Итак, на каком уровне вмешивается знаменитая непроизвольная Память? Отмечают, что она исходит из области особых знаков — чувственных. Мы опасаемся чувственных свойств — знаков; мы ощущаем повеление, принуждающее нас искать в них смысл. Таким образом, случается, что непроизвольная Память, непосредственно возбужденная знаком, выдает нам смысл (например, как Комбре в случае с печеньем «Мадлен», Венецию — с булыжниками мостовых и т. д.).
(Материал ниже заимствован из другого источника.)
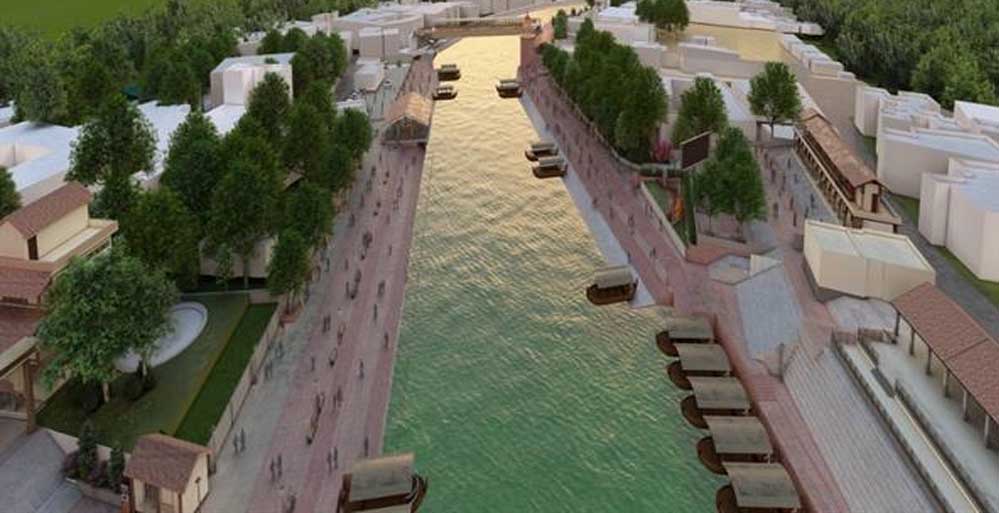 चित्रकूट का होगा कायाकल्प, श्रद्धालुओं और पर्यटकों को मिलेंगी विश्व स्तरीय सुविधाएं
Во-вторых, мы утверждаем, что непроизвольная память не обладает секретом всех чувственных знаков: некоторые из них отсылают к желанию и к образам воображения (как колокола Мартинвилля). Поэтому Пруст тщательно различает два вида чувственных знаков: смутные воспоминания и открытия; «воскресения памяти» и «истины, описанные при помощи образов»3. Утром, когда герой встает, он ощущает в себе не только давление неосознанных воспоминаний, которые смешиваются со светом или с ароматом, но и порыв непроизвольных желаний, которые воплощаются в проходящей мимо женщине— булочнице, прачке или высокомерной девице, «наконец, в некоем образе»4. Поначалу мы даже не можем сказать, как нам подступиться к знаку. Адресовано ли свойство к воображению или просто к памяти? Необходимо испробовать все, чтобы обнаружить тот способ, который позволит нам получить адекватный смысл. Когда мы терпим неудачу, то не можем знать, является ли скрытый от нас смысл образом сновидения, или воспоминанием, утаенным от нас непроизвольной памятью. Например, три дерева — явились ли они из Памяти или же из Сна?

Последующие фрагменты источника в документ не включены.